5. The Purchaser may withdraw from the contract if the execution of a part of the delivery of an order becomes impossible and he has a justified interest in the refusal of
the partial delivery. If this is not the case, the Purchaser has to pay the contract price equivalent to the partial delivery. This also applies in case of our inability. If
impossibility or inability occurs during the acceptance delay or if the Purchaser is solely or mainly responsible for these circumstances, he shall remain obligated to
payment.
6. If the Purchaser, after the due date, sets an adequate time limit for us for the performance and this term is not adhered to, the Purchaser shall be entitled to withdraw
from the contract. He shall be obligated to declare in an appropriate timeframe upon our request, whether he is exercising his right of withdrawal. Upon such
withdrawal, the Purchaser may claim compensation for actual loss and expense sustained as a result of our non-performance, which was foreseeable at the time of
conclusion of the contract and resulting from the usual course of events, subject always to the limitations set out in § 8 of this General Terms and Conditions of Sale.
7. All claims resulting from delay in delivery or non-delivery shall be exclusively determined in accordance with § 8 of this General Terms and Conditions of Sale.
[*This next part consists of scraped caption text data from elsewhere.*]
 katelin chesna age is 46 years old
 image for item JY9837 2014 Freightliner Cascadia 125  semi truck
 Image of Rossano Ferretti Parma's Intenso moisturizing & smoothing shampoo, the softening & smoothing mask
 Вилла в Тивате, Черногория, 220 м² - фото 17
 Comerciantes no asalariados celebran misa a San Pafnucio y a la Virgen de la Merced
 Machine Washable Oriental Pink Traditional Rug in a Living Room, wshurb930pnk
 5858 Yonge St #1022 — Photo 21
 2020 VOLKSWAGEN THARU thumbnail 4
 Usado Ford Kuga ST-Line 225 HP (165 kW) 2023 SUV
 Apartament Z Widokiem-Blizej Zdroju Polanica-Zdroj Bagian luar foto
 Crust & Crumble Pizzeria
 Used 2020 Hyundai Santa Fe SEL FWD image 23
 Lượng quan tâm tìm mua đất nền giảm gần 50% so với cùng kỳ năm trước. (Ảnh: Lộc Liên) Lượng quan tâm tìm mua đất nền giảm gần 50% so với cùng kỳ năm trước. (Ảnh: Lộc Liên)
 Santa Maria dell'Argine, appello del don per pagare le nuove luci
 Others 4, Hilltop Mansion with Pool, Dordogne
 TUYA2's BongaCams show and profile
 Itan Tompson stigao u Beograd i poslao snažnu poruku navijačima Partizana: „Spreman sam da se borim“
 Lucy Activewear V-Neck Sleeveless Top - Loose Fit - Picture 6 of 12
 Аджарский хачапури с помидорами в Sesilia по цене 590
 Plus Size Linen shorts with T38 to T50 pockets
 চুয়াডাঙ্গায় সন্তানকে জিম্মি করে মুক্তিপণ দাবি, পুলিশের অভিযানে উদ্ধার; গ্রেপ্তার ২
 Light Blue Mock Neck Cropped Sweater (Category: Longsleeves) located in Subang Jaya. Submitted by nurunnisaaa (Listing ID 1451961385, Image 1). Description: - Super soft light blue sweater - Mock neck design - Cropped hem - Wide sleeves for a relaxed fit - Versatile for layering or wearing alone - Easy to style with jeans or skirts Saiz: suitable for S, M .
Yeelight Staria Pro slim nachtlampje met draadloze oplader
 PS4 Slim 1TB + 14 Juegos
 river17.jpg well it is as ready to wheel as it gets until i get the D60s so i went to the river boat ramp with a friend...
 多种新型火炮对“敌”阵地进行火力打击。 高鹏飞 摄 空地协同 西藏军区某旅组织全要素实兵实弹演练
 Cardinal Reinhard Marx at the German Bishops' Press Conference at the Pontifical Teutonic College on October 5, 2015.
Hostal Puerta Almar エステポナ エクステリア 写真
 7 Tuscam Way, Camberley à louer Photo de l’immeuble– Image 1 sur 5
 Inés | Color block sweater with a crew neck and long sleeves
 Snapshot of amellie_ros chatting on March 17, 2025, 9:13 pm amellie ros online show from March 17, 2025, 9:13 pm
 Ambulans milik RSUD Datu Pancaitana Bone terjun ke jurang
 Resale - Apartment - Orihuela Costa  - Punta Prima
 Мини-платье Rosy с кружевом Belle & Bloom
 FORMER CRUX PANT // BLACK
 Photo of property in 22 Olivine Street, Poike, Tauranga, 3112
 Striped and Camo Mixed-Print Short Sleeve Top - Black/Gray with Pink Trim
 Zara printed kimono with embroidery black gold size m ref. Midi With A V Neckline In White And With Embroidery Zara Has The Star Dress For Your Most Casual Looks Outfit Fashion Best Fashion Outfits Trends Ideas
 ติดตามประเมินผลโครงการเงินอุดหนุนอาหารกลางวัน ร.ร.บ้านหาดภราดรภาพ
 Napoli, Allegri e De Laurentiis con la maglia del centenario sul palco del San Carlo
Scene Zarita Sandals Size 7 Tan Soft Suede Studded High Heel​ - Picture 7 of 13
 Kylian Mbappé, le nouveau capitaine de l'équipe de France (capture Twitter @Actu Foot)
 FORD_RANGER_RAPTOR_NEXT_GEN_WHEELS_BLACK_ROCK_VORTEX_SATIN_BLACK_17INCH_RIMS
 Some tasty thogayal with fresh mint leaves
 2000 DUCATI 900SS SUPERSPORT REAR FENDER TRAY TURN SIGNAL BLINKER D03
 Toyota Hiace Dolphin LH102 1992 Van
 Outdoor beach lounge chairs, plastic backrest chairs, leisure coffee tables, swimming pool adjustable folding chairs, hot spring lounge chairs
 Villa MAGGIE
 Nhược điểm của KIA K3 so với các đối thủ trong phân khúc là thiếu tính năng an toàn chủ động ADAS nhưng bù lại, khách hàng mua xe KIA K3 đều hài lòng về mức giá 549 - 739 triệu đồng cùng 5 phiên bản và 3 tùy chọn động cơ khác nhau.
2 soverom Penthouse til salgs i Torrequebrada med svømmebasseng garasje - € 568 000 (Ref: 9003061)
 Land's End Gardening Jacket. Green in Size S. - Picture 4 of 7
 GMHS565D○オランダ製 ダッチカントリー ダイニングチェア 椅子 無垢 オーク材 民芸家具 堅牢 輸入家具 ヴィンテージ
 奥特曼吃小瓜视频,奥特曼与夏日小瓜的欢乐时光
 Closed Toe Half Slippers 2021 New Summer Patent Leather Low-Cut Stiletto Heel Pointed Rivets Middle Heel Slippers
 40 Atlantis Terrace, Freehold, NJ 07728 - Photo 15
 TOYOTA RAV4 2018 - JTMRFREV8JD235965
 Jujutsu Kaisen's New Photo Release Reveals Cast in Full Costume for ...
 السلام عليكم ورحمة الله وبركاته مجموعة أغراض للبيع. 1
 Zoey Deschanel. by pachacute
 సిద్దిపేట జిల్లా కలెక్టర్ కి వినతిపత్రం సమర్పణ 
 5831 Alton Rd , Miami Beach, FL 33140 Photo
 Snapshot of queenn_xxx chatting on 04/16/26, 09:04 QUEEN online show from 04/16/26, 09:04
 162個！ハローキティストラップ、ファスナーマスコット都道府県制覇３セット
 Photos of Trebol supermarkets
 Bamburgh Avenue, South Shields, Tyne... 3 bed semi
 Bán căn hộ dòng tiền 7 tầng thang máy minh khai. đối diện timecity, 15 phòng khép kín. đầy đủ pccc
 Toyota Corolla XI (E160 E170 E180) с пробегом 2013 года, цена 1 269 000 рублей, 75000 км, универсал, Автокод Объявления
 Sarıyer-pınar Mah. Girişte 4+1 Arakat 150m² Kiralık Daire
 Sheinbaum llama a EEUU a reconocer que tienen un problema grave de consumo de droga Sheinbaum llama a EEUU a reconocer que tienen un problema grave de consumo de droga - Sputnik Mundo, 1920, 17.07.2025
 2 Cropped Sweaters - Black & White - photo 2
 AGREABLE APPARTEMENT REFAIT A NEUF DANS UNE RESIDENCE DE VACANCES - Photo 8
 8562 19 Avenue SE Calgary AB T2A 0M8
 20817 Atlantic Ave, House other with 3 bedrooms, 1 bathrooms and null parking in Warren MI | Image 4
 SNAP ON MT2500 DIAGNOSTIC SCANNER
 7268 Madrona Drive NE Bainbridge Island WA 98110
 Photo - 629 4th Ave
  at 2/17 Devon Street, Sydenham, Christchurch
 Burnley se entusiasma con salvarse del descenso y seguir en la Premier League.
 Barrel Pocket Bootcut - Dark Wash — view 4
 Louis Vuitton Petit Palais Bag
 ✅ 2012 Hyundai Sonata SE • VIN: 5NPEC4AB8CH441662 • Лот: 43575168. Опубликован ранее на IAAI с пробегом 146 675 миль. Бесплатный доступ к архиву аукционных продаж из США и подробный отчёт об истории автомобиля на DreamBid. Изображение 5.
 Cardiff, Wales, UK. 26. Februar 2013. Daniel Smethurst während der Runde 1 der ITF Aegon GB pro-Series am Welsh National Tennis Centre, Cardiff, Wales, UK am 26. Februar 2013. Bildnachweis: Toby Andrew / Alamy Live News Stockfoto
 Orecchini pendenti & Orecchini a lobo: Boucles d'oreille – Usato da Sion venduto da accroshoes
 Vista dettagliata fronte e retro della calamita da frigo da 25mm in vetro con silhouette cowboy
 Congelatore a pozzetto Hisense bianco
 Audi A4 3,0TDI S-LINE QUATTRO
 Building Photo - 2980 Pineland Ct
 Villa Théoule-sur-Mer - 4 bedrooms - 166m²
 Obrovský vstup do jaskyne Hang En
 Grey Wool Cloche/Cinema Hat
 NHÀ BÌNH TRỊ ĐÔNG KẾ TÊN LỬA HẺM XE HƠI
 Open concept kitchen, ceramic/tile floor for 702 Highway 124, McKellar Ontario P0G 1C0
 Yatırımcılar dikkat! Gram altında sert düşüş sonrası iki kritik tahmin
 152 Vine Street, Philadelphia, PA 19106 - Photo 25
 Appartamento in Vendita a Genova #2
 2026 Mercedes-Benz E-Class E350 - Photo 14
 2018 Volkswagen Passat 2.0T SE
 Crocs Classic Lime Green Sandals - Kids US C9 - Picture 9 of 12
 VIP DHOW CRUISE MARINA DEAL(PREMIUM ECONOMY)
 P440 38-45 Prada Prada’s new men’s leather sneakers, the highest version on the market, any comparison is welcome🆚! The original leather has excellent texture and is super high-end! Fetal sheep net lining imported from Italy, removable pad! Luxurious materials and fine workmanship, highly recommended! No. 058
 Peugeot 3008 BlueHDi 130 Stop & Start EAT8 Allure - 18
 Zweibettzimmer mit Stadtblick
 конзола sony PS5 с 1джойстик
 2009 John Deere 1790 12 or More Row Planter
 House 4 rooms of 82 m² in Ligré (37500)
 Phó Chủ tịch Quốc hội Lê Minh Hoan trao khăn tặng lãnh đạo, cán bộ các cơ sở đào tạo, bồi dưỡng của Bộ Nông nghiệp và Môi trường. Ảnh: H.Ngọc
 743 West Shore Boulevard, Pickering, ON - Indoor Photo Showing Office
Seite 1 von 3 www.leistritz.com


§ 4 Transfer of Risk, Acceptance, Delay, Part- and Over-Deliveries
1. Lacking special agreement, EX WORKS terms shall apply, in which case the risk shall be transferred to the Purchaser when we notify the Purchaser that the Goods are
available for collection.
2. If a different INCOTERM has been agreed upon by the parties, risk shall be transferred to the Purchaser upon delivery of the Goods according to that INCOTERM, or if
the Purchaser wrongfully fails to take delivery of the Goods, at the time when we have tendered delivery of the Goods. 2. The Purchaser is deemed to have accepted
the Goods when the Goods have been delivered to him and he does any act in relation to them which is inconsistent with our ownership of the Goods. The Purchaser
may not refuse acceptance in case of a non-significant defect.
3. We are obligated, at the request and expense of the Purchaser, to take out an insurance against fire. The Purchaser is at liberty to take out additional insurance
himself.
4. Acceptance shall be deemed effected if Purchaser does not accept the delivery item (or parts thereof) despite acceptance duty within a reasonable period of time set
by us. If shipment and/or acceptance of the delivery item is delayed due to reasons, for which the Purchaser is responsible (delay of acceptance), he will be charged,
irrespective of other legal claims, commencing 14 calendar days from the notification of shipment and/or readiness to accept all (storage) expenses incurred due to
the delay. Unless the Purchaser can demonstrate a lower damage or no damage at all, these amount to at least 0.5% of the invoice amount for the non-accepted
delivery item for each month thereof, however a maximum of 5% of the individual invoice amount. We reserve the right of proof of a higher (storage-) expense. In
addition, we reserve the right to:
a) sell the Goods at the best price readily obtainable and (after deducting all reasonable storage and selling expenses) account to the Purchaser for the excess over the
price under the contract provided the price has been paid in cleared funds in full or charge the Purchaser for any shortfall below the price under the contract as the
case may be; or
b) terminate the contract and claim damages.
5. Part deliveries are admissible as far as reasonable for the Purchaser. Technical deviations of ordered amounts are admissible up to +/-10%, unless this is unreasonable.
Deviations concerning dimensions, weight or quality shall be allowed when customary in trade or according to applicable standards. Our calculation shall be decisive.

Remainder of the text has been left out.